What if your spouse has lost a job since the time you first qualified for your mortgage loan? That, too, can significantly reduce your household income. If you used both your income and your spouse's when you first applied for your loan, you might no longer make enough money to qualify for even the reduced payment that comes with a refinance.

Your lender can't go back in time to undo the original loan it gave you. But it might not be willing to give you a new loan if your income has changed significantly since.

Lenders are protecting themselves by requiring their current customers to submit more paperwork when they request a refinance. Remember, your lender doesn't want you to default on your monthly payments. One way to prevent this from happening is to make sure that your income levels are high enough and your job status secure enough.

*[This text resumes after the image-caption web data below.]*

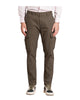Pantalone Cargo in twill Military green
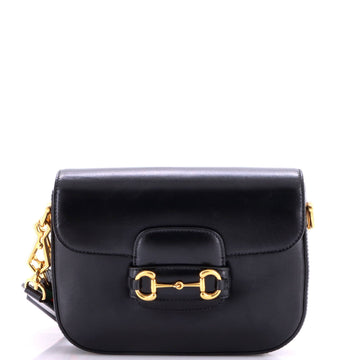 Gucci Horsebit Shoulder Bag Leather Mini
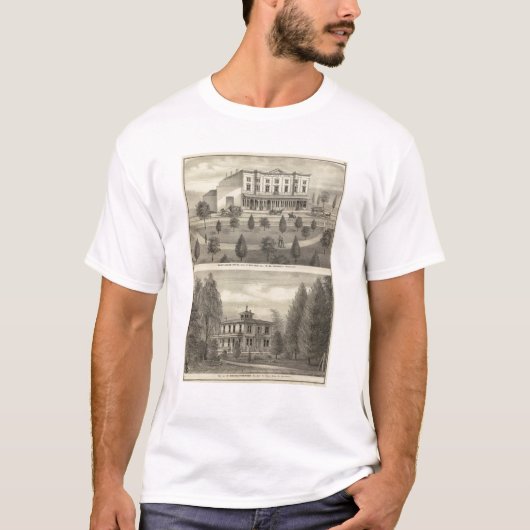 セントジェームズのホテル、住宅 Tシャツ (正面)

"Situations can change, and because of the financial responsibility to make sure customers can repay the loan, we are required to maintain generally the same standards on every loan transaction," said TJ Freeborn, senior manager of customer experience at Discover Home Loans.

Credit score matters, too

When you apply for a refinance, your lender will run your credit, too. This will happen even if you are refinancing with your current mortgage lender.

Again, this might seem unnecessary. But not to your lender. You might have missed several car payments or sent in several late credit-card payments since you first took out your mortgage loan.

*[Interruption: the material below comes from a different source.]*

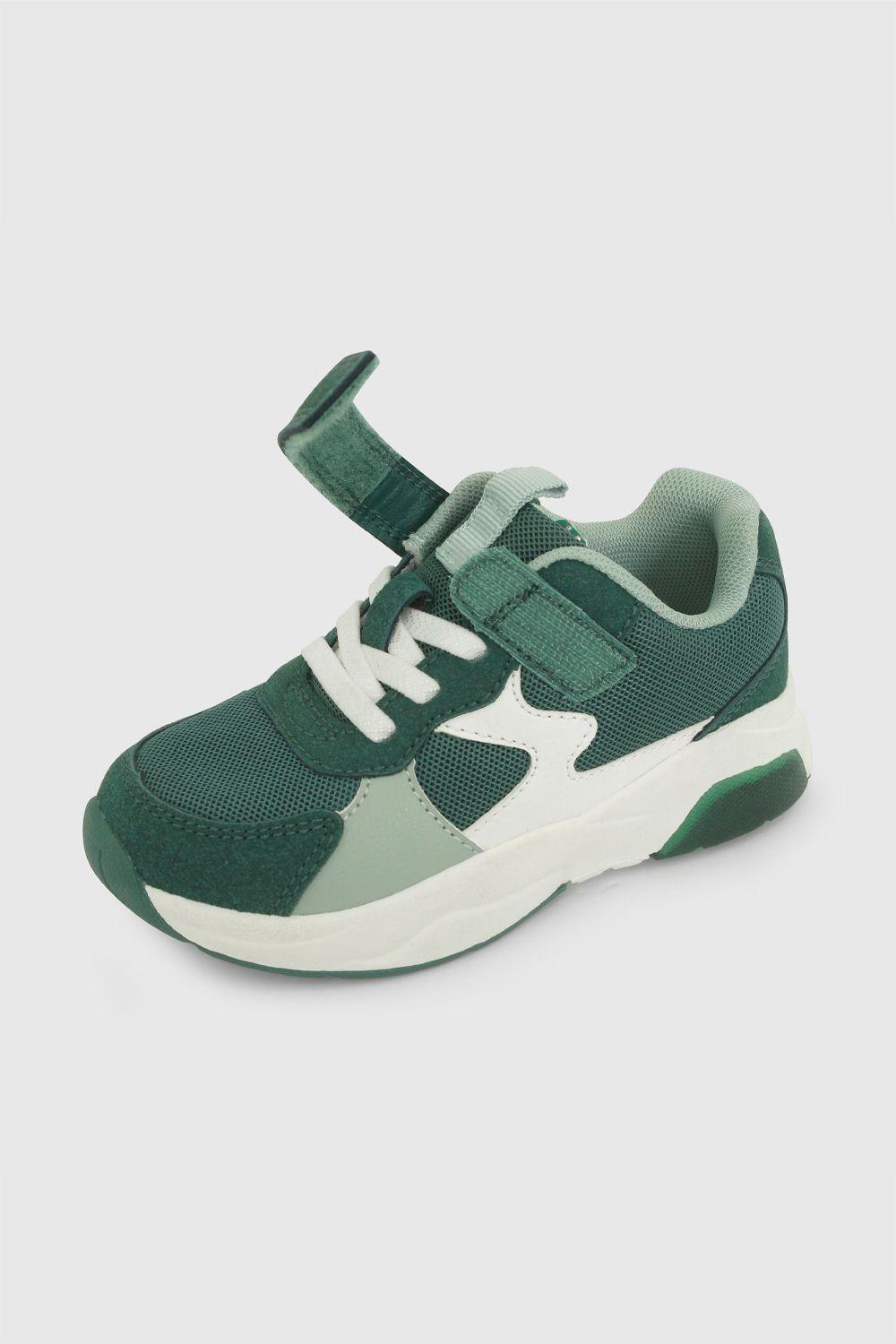 Zapatilla Luces Verde Niño 21-27 Colloky-5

This could change your lender's former opinion of your ability to repay a loan on time each month.

"Your credit score might have changed," said Pej Barlavi, owner and chief executive officer of New York City's Barlavi Realty. "Maybe you had a score of 710 when you first took out your mortgage loan. Now your score might be down to 680. That makes a difference."

If your score has dropped too much since you first took your loan, you might not qualify for interest rates low enough to make refinancing your loan a smart financial move. You need an interest rate that is low enough so that your monthly savings allow you to quickly recover the closing costs associated with a refinance.

Is your current lender the best choice?

This doesn't mean that there aren't advantages to refinancing with your current lender. Freeborn says that Discover Home Loans does keep existing information on file from the previous loans that their customers took out. This can make the refinancing process move at a faster clip.

The key to a successful refinance, though, is to find the lender that is willing to give you the lowest interest rate and charge you the smallest amount of closing costs. You might think this will be your current lender. But it might not be. Fortunately, you can refinance with any lender licensed to do business in your state, not just the one currently holding your mortgage loan.

And if you do determine that your current lender is the best choice for your refinance? That's OK. Just don't be surprised when your lender requires you to send in the same paperwork required by any other lender doing its due diligence.

If you are looking at someone who is refinancing a multi-million-dollar home, they tend to understand the process. They're not surprised when they have to send in the same paperwork," Barlavi said. "But the younger kids are the ones who are sometimes surprised by this. Maybe they're in their first home and they're ready to refinance. They went through the process once, but all of a sudden they're on the hook to do the whole thing over again. Often, they're not prepared for that."